Potential Hazards

Crash Highlights Perils Of Wildlife On Local Roads

A deer crossing sign is pictured on Hunt Road just outside Jamestown. A crash Monday between a car and cow has highlighted the many objects motorists may encounter while on the road. P-J photo by Eric Tichy

A crash late Monday in which a car struck a cow on Route 60 and burst into flames has highlighted the many perils drivers — and ultimately wildlife and other animals — may encounter while on the road.

First responders were called to Sinclairville around 10:35 p.m. after a northbound car struck the cow that had wandered onto the road. No one was injured in the crash, though the animal died at the scene, the Chautauqua County Sheriff’s Office said.

The somewhat unusual collision caused the car to erupt in flames.

Chautauqua County Sheriff Jim Quattrone said there is always the risk of collisions with wildlife due to the region’s rural roads close to fields, woods and farms. In addition to deer, motorists also have to be vigilant for farm animals, rodents and even Amish horses and buggies, Quattrone said. For the latter, the sheriff said law enforcement has been working with the Amish to improve safety for those operating the buggies and the public using the same roads.

“We’re working with the communities to try to improve the lighting and labeling of their slow-moving vehicles,” Quattrone said, noting in particular the high Amish population locally.

The scene on Route 60 in Sinclairville following Monday night’s crash. No one was injured in the incident, though the cow died. Submitted photo

Other wildlife may pose dangers on the road as well. Local police can respond to several calls a night for deer struck by cars, and with dozens of farms throughout the county, the possibility of animals finding themselves on the road is always present, Quattrone said.

“We have to be aware of that,” Quattrone said of animals on the road. “We have to be willing to drive defensively.”

Hoping to combat the number of collisions between wildlife and vehicles, the Federal Highway Administration issued a report to Congress in 2008. One of the major factors identified in the report was the need to improve the “consistency and precision” of data collection on wildlife-vehicle collisions (WVCs).

When the report was published, 89 percent of collisions occurred on two-lane roads.

“This might lead some people to conclude that WVCs are only a problem in remote, rural locations, but two-lane roads and WVCs are also prevalent in areas where many people live and commute to work in nearby cities,” the report said. “Such two-lane highways are critical travel corridors, and, in the United States, drivers use two-lane roadways for the majority of the total highway miles they travel.

Therefore, WVCs are a challenge in every state and for almost all drivers across the country.”

The number of estimated collisions every year between wildlife and vehicles varies dramatically — from as low as 300,000 incidents annually in the United States to as many as two million.
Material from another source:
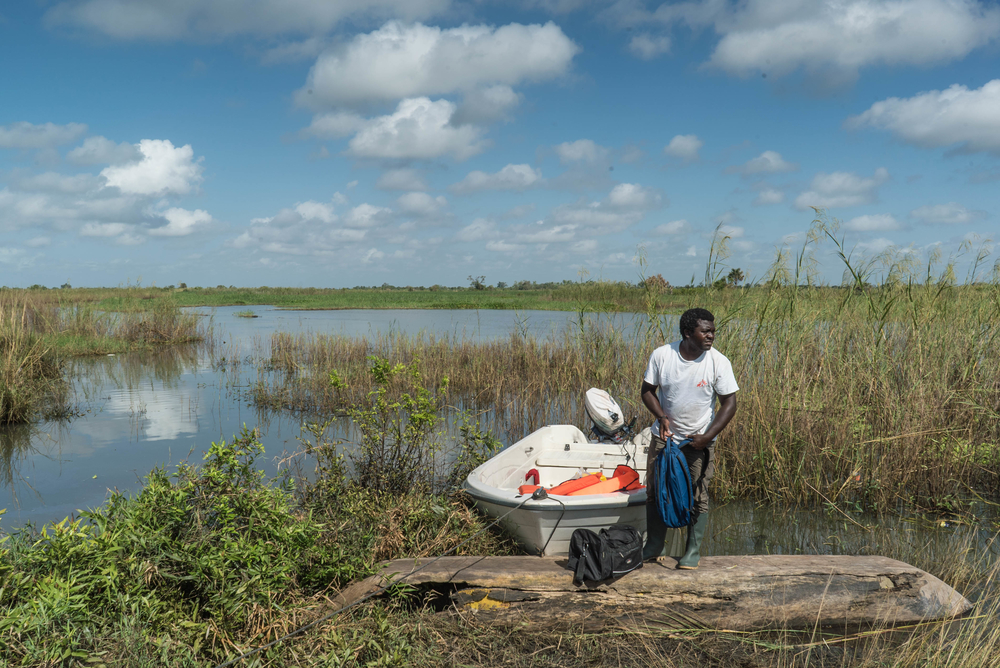 Distribution of NFI in remote areas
According to the National Highway Traffic Administration, there were about 361,000 reported crashes between vehicles and all animals in 2016, the most recent data. That’s up from the 278,000 reported in 2015 and 266,000 in 2014.

However, the Federal Highway Administration said many crashes are never reported to the police.

“Crash databases typically exclude accidents that have less than $1,000 in property damage, not all drivers report collisions with animals and not all law enforcement, natural resource or transportation agencies have the resources to collect detailed information on WVCs,” the report said. “Furthermore, many animals that are injured wander away from the road before they die and are never found.”

Statistics gathered from insurance carriers and police reports indicate that in 95 percent of collisions with animals, no one is injured. In fact, of the 361,000 crashes reported in 2016, only 23,000 resulted in injuries of which 181 resulted in fatalities.

“Collisions with moose and other large animals can have a higher likelihood of resulting in harm to the vehicle occupant,” the study found.

Brad Bentley, Chautauqua County director of public facilities, said the county is known for its large agricultural industries. That means plenty of rural roads occupied by cars, buses, tractor-trailers, farming equipment and animals.

“We need to be extra vigilant for both wild animals and domesticated ones,” Bentley said. “Whenever you’re going over a ridge, there could always been something in the road.”

Bentley also pointed out that deer have become popular in the city of Jamestown. “It’s not uncommon in Chautauqua County to have obstructions in the road,” he said.

Eric Zavinski contributed to this story.